Donaldo Pereira Macedo (born 1950) is a Cape Verdean-American critical theorist, linguist, and expert on literacy, critical pedagogy and multicultural education studies. Until 2019 he was Distinguished Professor of Liberal Arts and Education at the University of Massachusetts Boston. He was also the founder of the Master of Arts Program in Applied Linguistics at the University of Massachusetts Boston, and chaired the program until approximately 2012.

He has published extensively in the areas of linguistics, critical literacy, and bilingual and multicultural education. His work in translating and editing works of Paulo Freire, his published dialogues with Freire, and his own research on Freire's pedagogy, have significantly contributed to the field of critical pedagogy. Macedo co-authored two books with Freire, Literacy: Reading the Word and the World (1987) and Ideology Matters (2002).
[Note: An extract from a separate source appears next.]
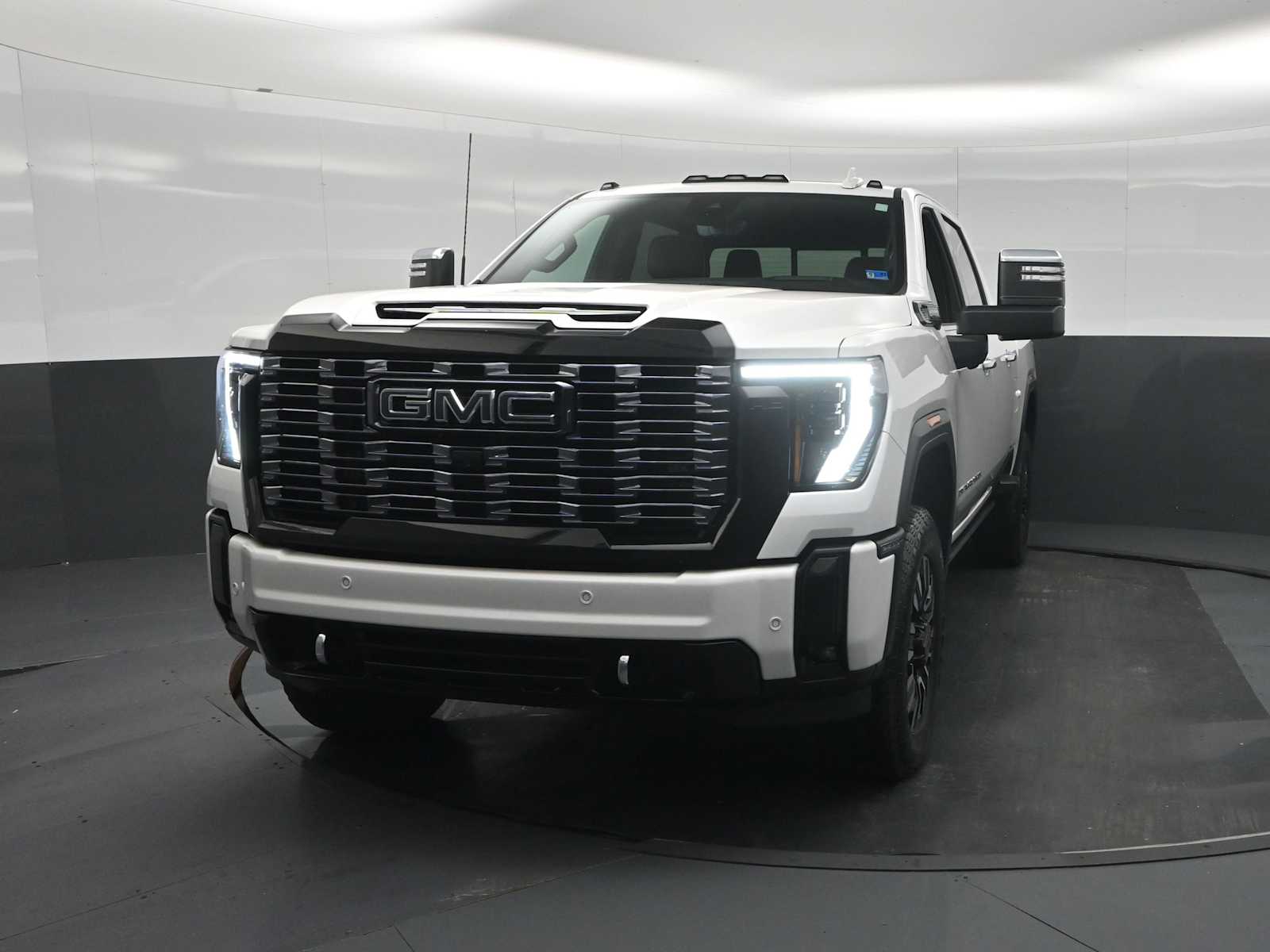 2025 GMC Sierra 2500HD Denali Ultimate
His other publications include: Literacies of Power: What Americans Are Not Allowed to Know (1994), Dancing With Bigotry (with Lilia Bartolome, 1991), and Critical Education in the New Information Age (with Manuel Castells, Ramón Flecha, Paulo Freire, Henry Giroux and Paul Willis, 1999). He also served as the editor for and contributed an introduction to Noam Chomsky's Chomsky on Miseducation (2000).

==Biography==
Macedo was born on the island of Brava in the Cape Verde islands, off the coast of northwest Africa. He attended middle and high school on the island of São Vicente. He has six siblings, including a brother, Viriato (today known as Vinny deMacedo), who is 15 years younger. In 1966, the family immigrated to the United States, and settled in the Dorchester neighborhood of Boston, Massachusetts; three years later, Macedo's parents moved his siblings to the nearby coastal town of Kingston, while he remained in Dorchester with his grandmother to finish his studies at English High School.

He earned a BA at the University of Massachusetts Boston, and a master's degree in Spanish literature at New York University. In 1989 he completed a PhD in applied linguistics at Boston University, with a dissertation on Cape Verdean Creole.